> DATA PROVIDED:
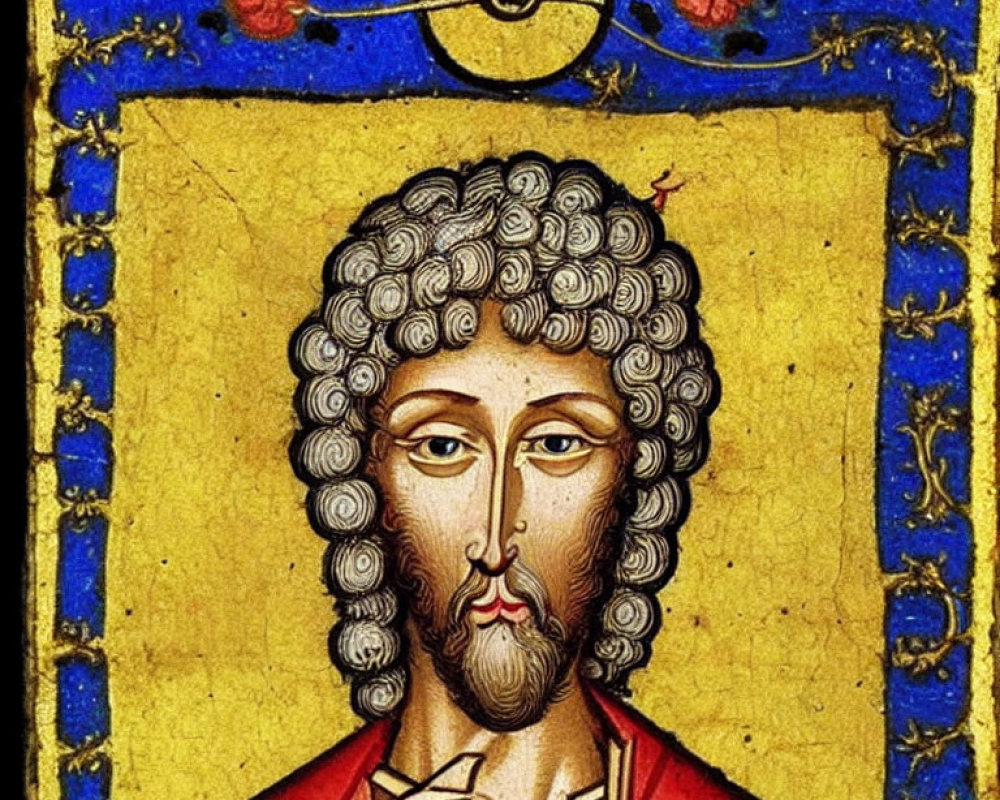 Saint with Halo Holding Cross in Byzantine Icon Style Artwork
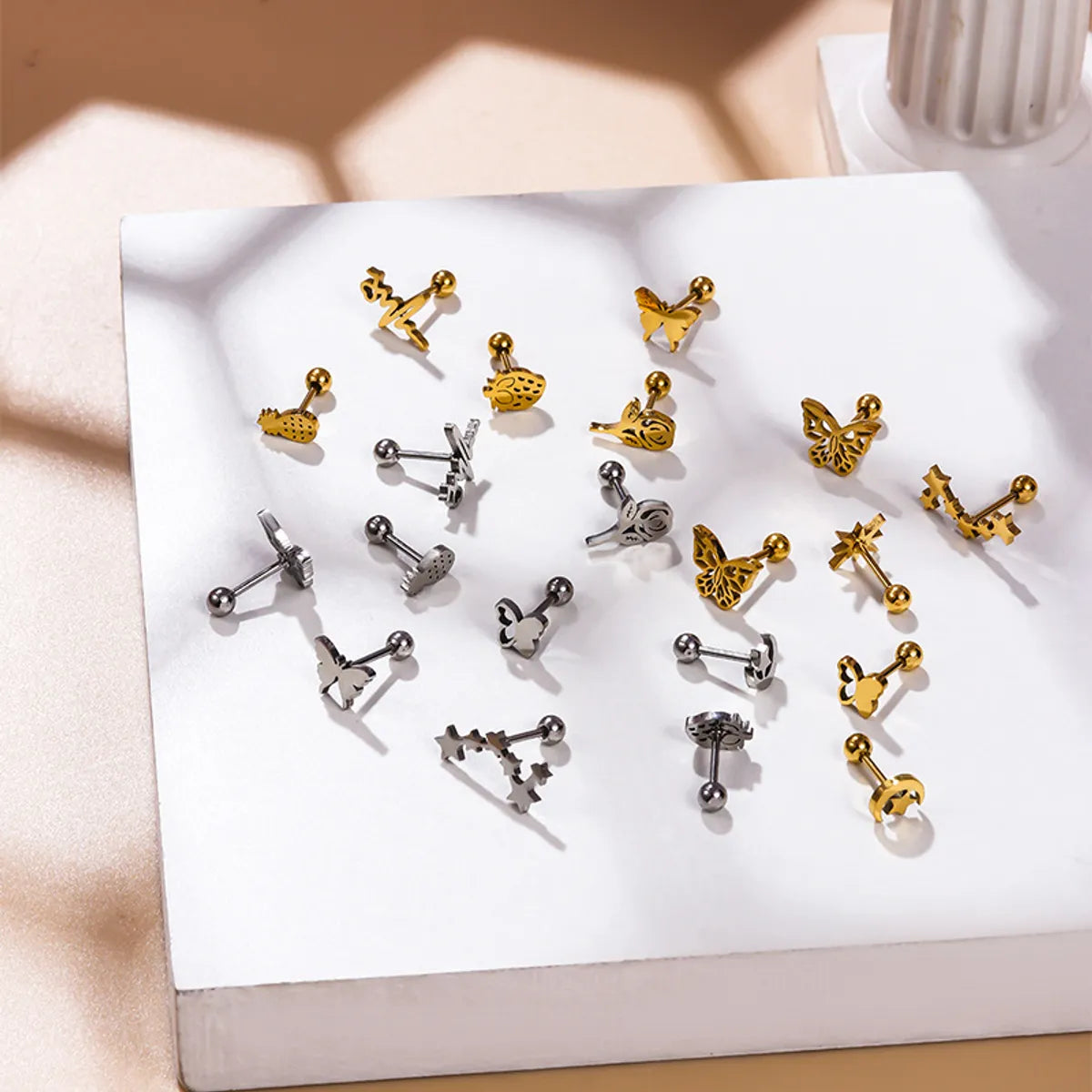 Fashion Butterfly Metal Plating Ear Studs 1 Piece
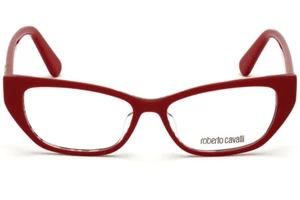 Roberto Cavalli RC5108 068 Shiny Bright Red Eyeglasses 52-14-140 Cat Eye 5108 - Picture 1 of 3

> ABOUT THIS TASK: Skip every picture and retype only the lines from the line with "Fashion Butterfly Metal" through the last line of the listing, both ends included, exactly as they appear.

> TASK RESULT:
 Fashion Butterfly Metal Plating Ear Studs 1 Piece
 Roberto Cavalli RC5108 068 Shiny Bright Red Eyeglasses 52-14-140 Cat Eye 5108 - Picture 1 of 3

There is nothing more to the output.